I highly doubt that you will find a good dataset to train a neural network or massively test a project. Think that it is private and very sensitive data (that's why this project has been in beta for years). I know there have been students who have used mrz.generator to train a NN, so I guess they didn't find a better option.

Why do you say that Germany does maintaning proper ICAO specs? Is it because of its country code ("D": only one letter) or another reason?

BR

vamshi-7 commented 3 years ago

Hi,

yes, It's difficult to find the data even to test the algorithm, especially for Belgium cards. And I mean about the Germany's country code specs.

Thanks and BR.

typelogic commented 3 years ago

Given these two TD1 MRZ values:

IDSLV0012345678<<<<<<<<<<<<<<<
9306026F2708252SLV<<<<<<<<<<<4
JOHN<SMEAGOL<<WENDY<LIESSETTEF

And then another one,

IDSLVOO12345678<<<<<<<<<<<<<<<
9306026F2708252SLV<<<<<<<<<<<4
JOHN<SMEAGOL<<WENDY<LIESSETTEF

When scanned via OCR, it can read either 0012345678 or OO12345678 and still pass all check digits checks. Now, which is which?

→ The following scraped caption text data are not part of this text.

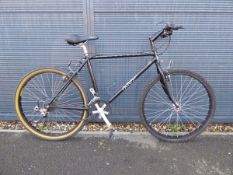 Atlas C10 black mountain bike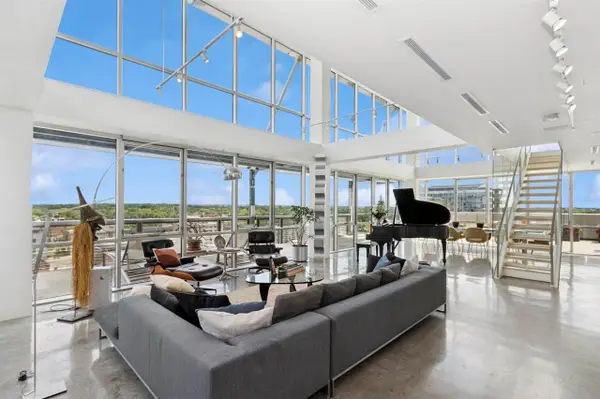 221 E College St, Iowa City, IA 52240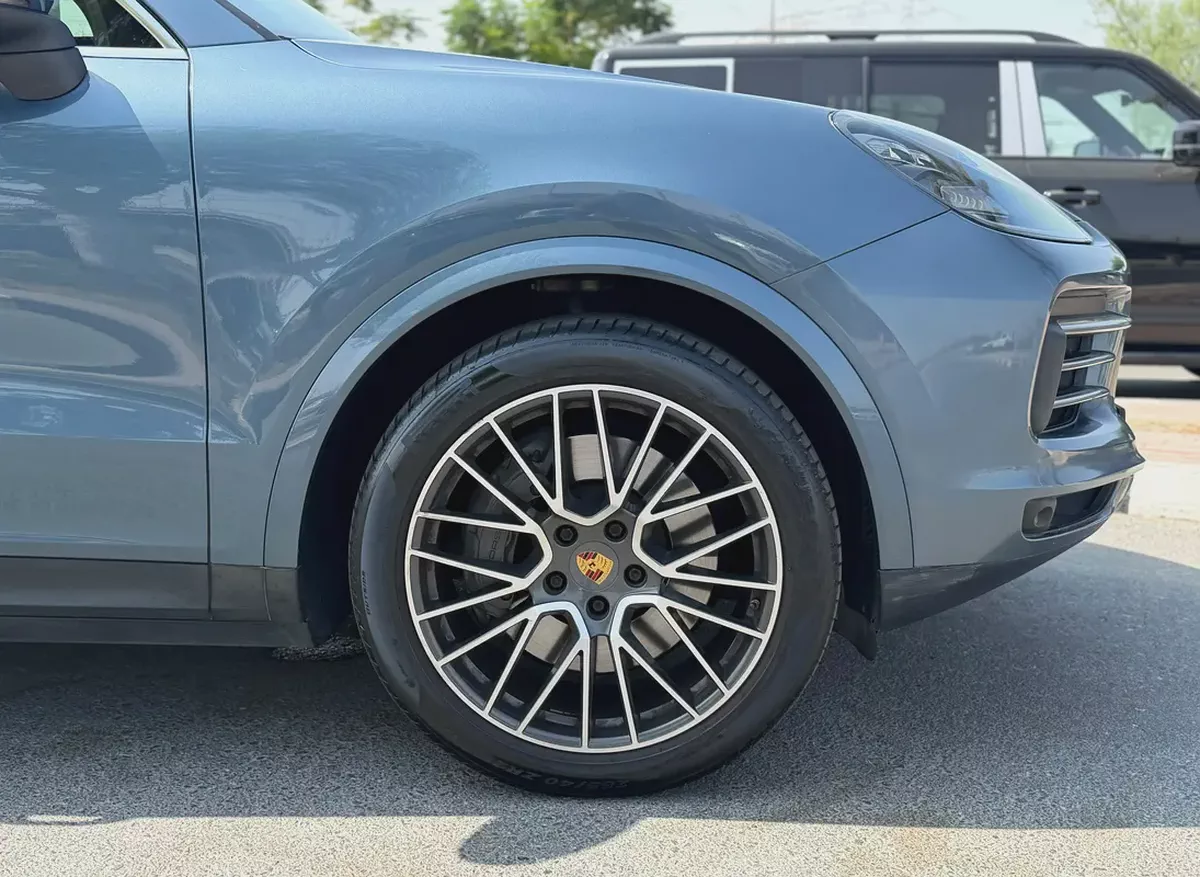Porsche Cayenne S 2019 GCC Specs Full Service History Clean Car-7-7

accensi commented 2 years ago

Acccoding to lat edition of ICAO 9303, in Part 5, there is an explanation in how to compute the DV when the document number exceeds the original field size: https://www.icao.int/publications/Documents/9303_p5_cons_en.pdf Part 5. Specifications for TD1 Size Machine Readable Official Travel Documents (MROTDs) 4.2.4 Check digits in the MRZ The method of calculating check digits is given in Doc 9303-3. For the TD1, the data structure of the machine readable lines in Paragraph 4.2.2 provides for the inclusion of four check digits as follows: Check digit Character positions (upper MRZ line) used to calculate check digit Check digit position (upper MRZ line) Document number check digit 6 – 14 15 check digit or Long document number check digit 6 – 14, 16 – 28 Note: Position 15 contains β€˜<’ and is excluded from the check digit calculation. The position of the last digit of a long document number is in the range of 16 – 28. 17 – 18 (one digit only) Note: Since the check digit follows the last digit of the document number, its position is in the range of 17 – 29. The check digit is followed by β€˜<’.